TERMOLI. Secondo fine settimana consecutivo senza alcun annuncio da parte della coalizione di centrodestra, che complici le presenze istituzionali al Vinitaly di Verona da parte di metà della Giunta regionale, soprattutto col governatore Roberti e l'assessore Marone, commissario della Lega in Molise, vedrà rimandato a domani (stasera è previsto il loro rientro in Molise).
Con ogni probabilità, sarà lo step decisivo per decidere la candidatura sul comune capoluogo, snodo imprescindibile anche per ufficializzare quello che tutti già sanno accadrà sulla costa, ossia la designazione dell'assessore all'Urbanistica Nico Balice a candidato sindaco di Termoli. Non c'è più molto tempo, infatti, quella che fino a poche settimane fa appariva tempistica ancora pingue per mettere assieme i pezzi, ora comincia a diventare corta, col fiato sul collo del calendario.
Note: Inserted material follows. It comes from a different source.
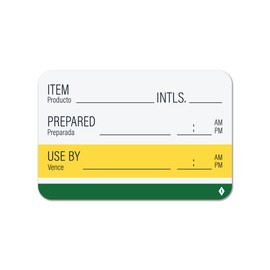 300pcs Shelf Life Labels for Food Rotation | Food Prep Use by Labels with Removable Adhesive, 300 2" x 3" Labels per Roll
Ma in attesa che per Palazzo San Giorgio la fumata possa diventare bianca, è inevitabile porre una riflessione, quella della crisi delle dinamiche interne alle coalizioni tradizionali, e non riguarda questo aspetto solo il centrodestra, ma anche il centrosinistra, basti vedere cosa è accaduto proprio in riva all'Adriatico.
Una crisi dettata dall'assenza di radicamento dei partiti sul territorio, slegato da attività portate avanti assieme alla gente, ma funzionali solo a puntellare gli assetti nelle istituzioni, una lunga deriva che parte da quando gli eletti, poco dopo l'avvio della Seconda repubblica, hanno preso a mano a mano il sopravvento sulle segreterie di partito e questo proprio tra i conservatori, definiamoli così, è stata l'evoluzione più evidente. Non è solo un difetto nella selezione e nella formazione della classe dirigente, ma è proprio il modus operandi che personalizza ed esaspera ogni confronto, trovando poi sfogo anche nelle gestioni più personalistiche del potere amministrativo. Governabilità e stabilità devono essere certamente elementi imprescindibili, ma occorre avere basi più profonde nella costruzione dei perimetri delle alleanze, molto spesso castelli di carta basati sul consenso di quel momento storico.